Task instructions: Repeat verbatim, and only, the lines of the data below, beginning at the line that contains "3183 Wayside Plz" and stopping after the line that contains "Chemise en coton".

Data excerpts
◆ ◆ ◆ ◆ ◆ ◆ ◆

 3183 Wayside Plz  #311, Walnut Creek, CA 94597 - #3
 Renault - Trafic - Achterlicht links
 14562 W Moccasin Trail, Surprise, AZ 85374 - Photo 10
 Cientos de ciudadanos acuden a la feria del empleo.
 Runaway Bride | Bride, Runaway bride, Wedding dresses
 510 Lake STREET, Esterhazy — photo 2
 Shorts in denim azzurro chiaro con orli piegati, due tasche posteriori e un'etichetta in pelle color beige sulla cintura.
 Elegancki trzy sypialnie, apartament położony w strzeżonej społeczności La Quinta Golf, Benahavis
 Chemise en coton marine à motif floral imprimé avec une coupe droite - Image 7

◆ ◆ ◆ ◆ ◆ ◆ ◆

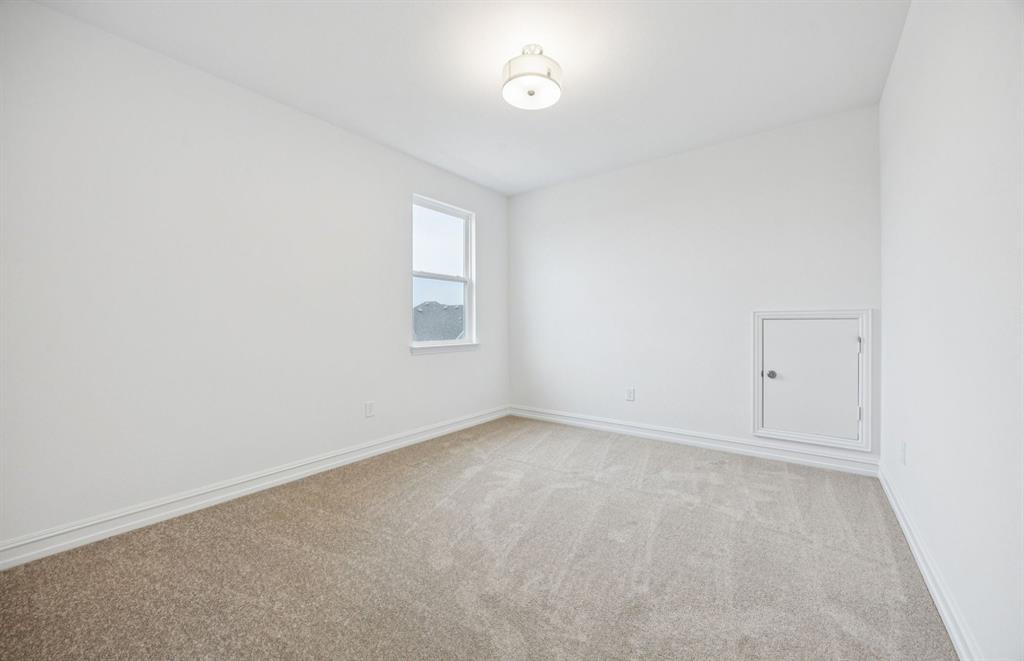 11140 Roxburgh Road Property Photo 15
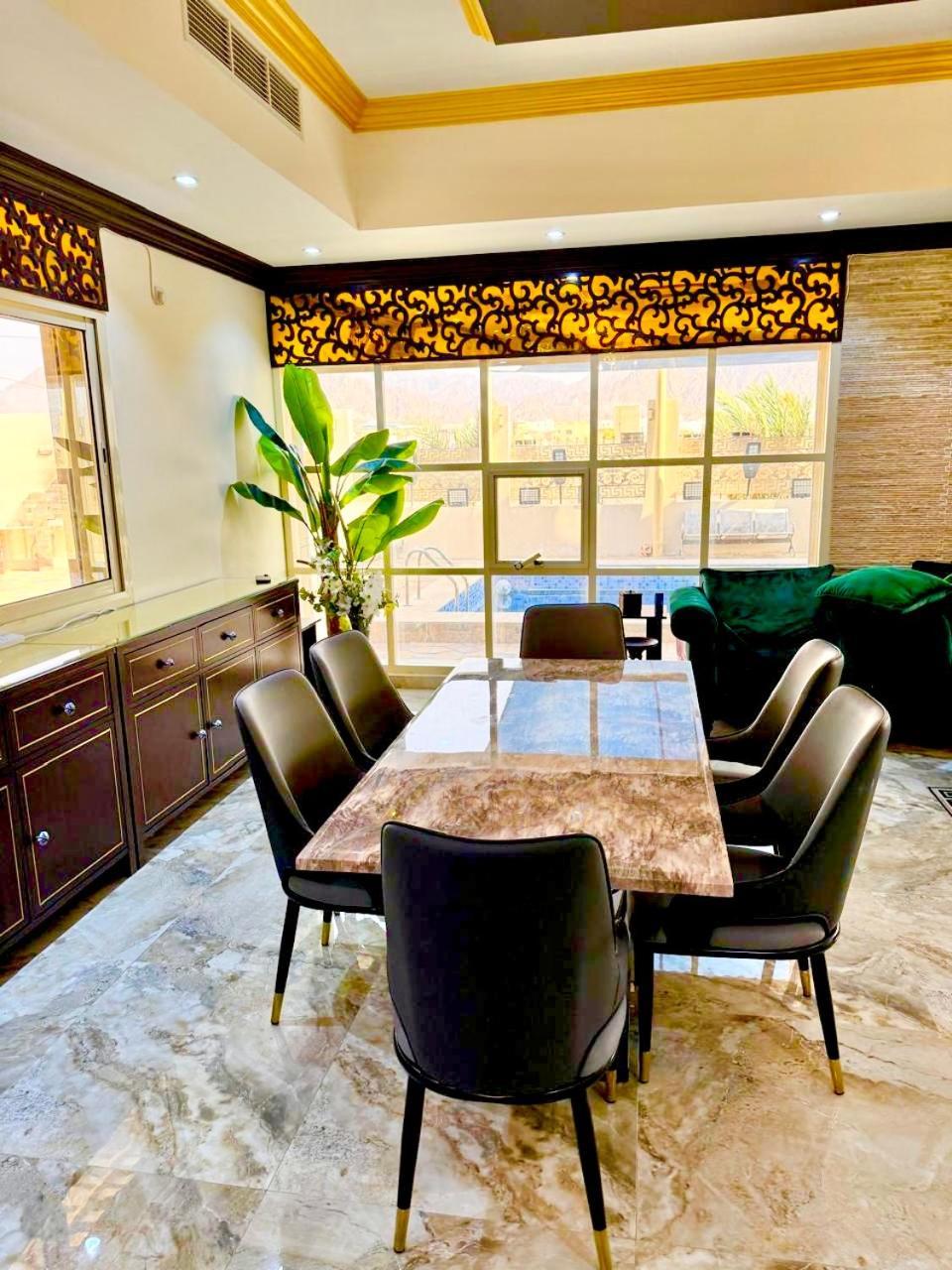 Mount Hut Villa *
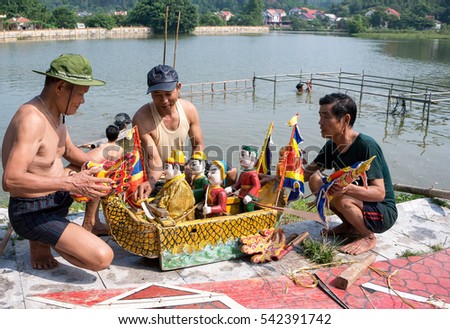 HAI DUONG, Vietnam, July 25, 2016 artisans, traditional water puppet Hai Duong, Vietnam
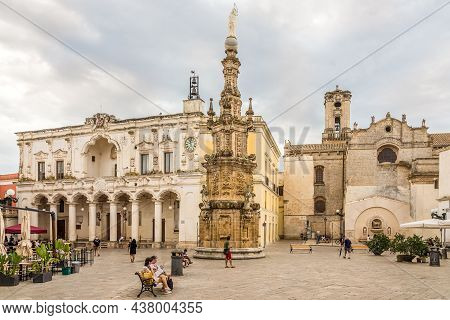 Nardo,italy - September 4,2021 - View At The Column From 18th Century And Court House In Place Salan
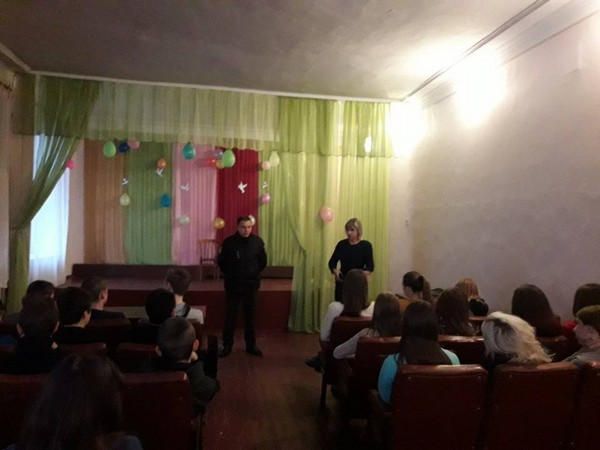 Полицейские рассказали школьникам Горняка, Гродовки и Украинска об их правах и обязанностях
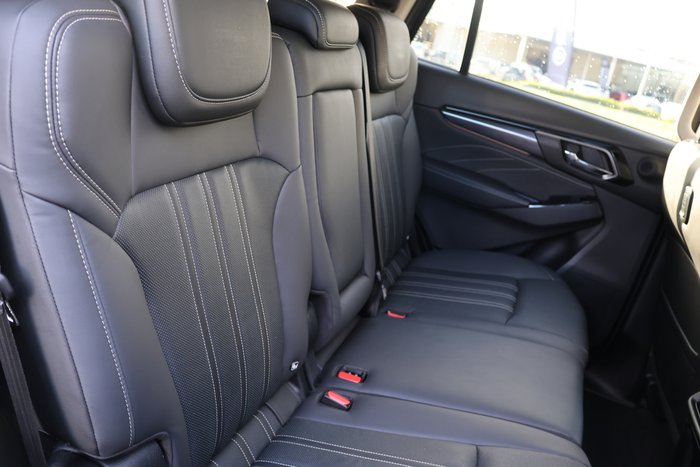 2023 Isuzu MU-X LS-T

◆ ◆ ◆ ◆ ◆ ◆ ◆

Response below:
 3183 Wayside Plz  #311, Walnut Creek, CA 94597 - #3
 Renault - Trafic - Achterlicht links
 14562 W Moccasin Trail, Surprise, AZ 85374 - Photo 10
 Cientos de ciudadanos acuden a la feria del empleo.
 Runaway Bride | Bride, Runaway bride, Wedding dresses
 510 Lake STREET, Esterhazy — photo 2
 Shorts in denim azzurro chiaro con orli piegati, due tasche posteriori e un'etichetta in pelle color beige sulla cintura.
 Elegancki trzy sypialnie, apartament położony w strzeżonej społeczności La Quinta Golf, Benahavis
 Chemise en coton marine à motif floral imprimé avec une coupe droite - Image 7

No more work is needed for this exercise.